» **Data excerpt**:

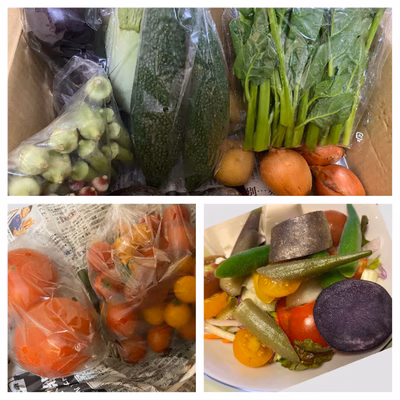 みんなの投稿の画像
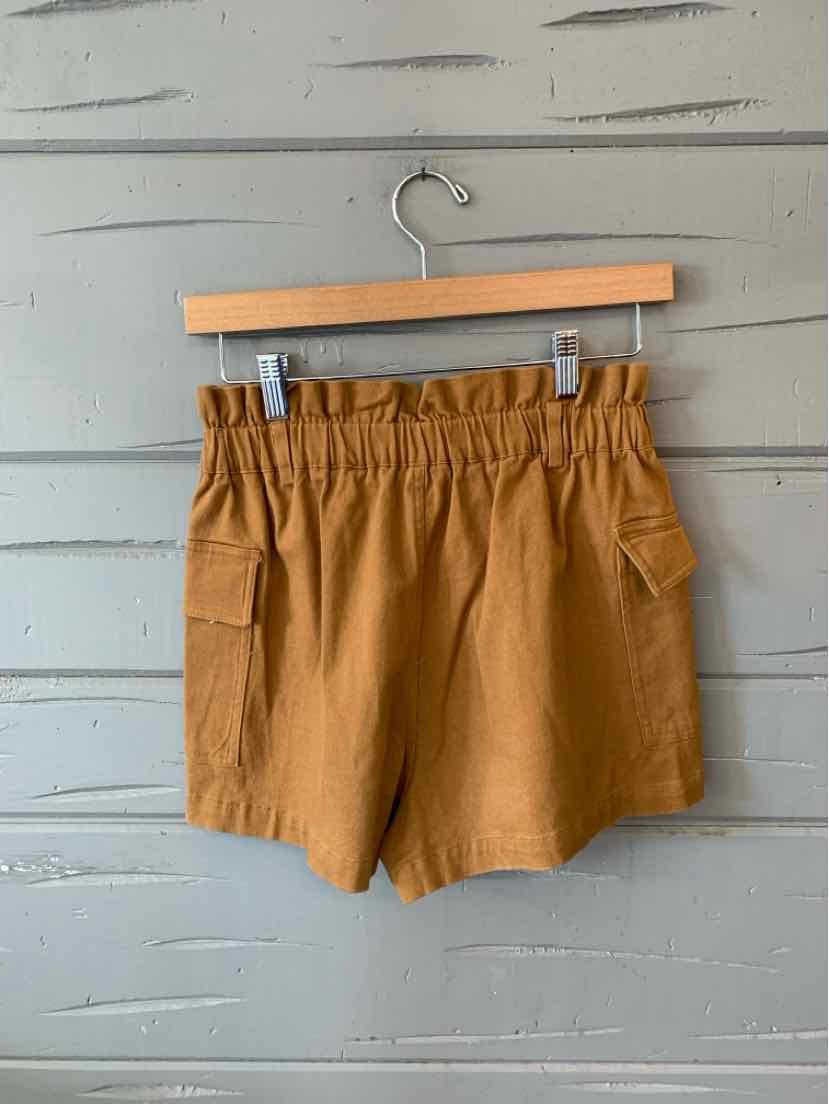Tan high-waist shorts with elastic waistband and side pockets hanging on wooden hanger against gray wall.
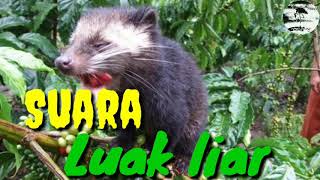 Download lagu Suara Luwak/Musang di alam liar, untuk suara pikat di jamin poin mp3 Download lagu Suara Luwak/Musang di alam liar, untuk suara pikat di jamin poin mp3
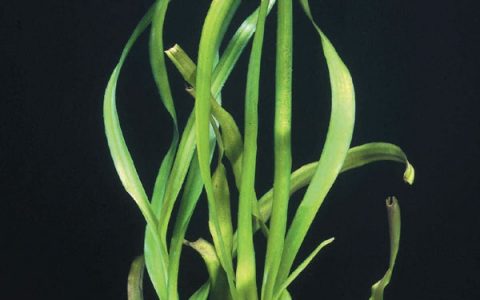 泰国水蒜水草Crinum thaianum养殖资料、图片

» **Exercise**:
Each line above should be output exactly, apart from the pictures.

» **Completed exercise**:
 みんなの投稿の画像
Tan high-waist shorts with elastic waistband and side pockets hanging on wooden hanger against gray wall.
 Download lagu Suara Luwak/Musang di alam liar, untuk suara pikat di jamin poin mp3 Download lagu Suara Luwak/Musang di alam liar, untuk suara pikat di jamin poin mp3
 泰国水蒜水草Crinum thaianum养殖资料、图片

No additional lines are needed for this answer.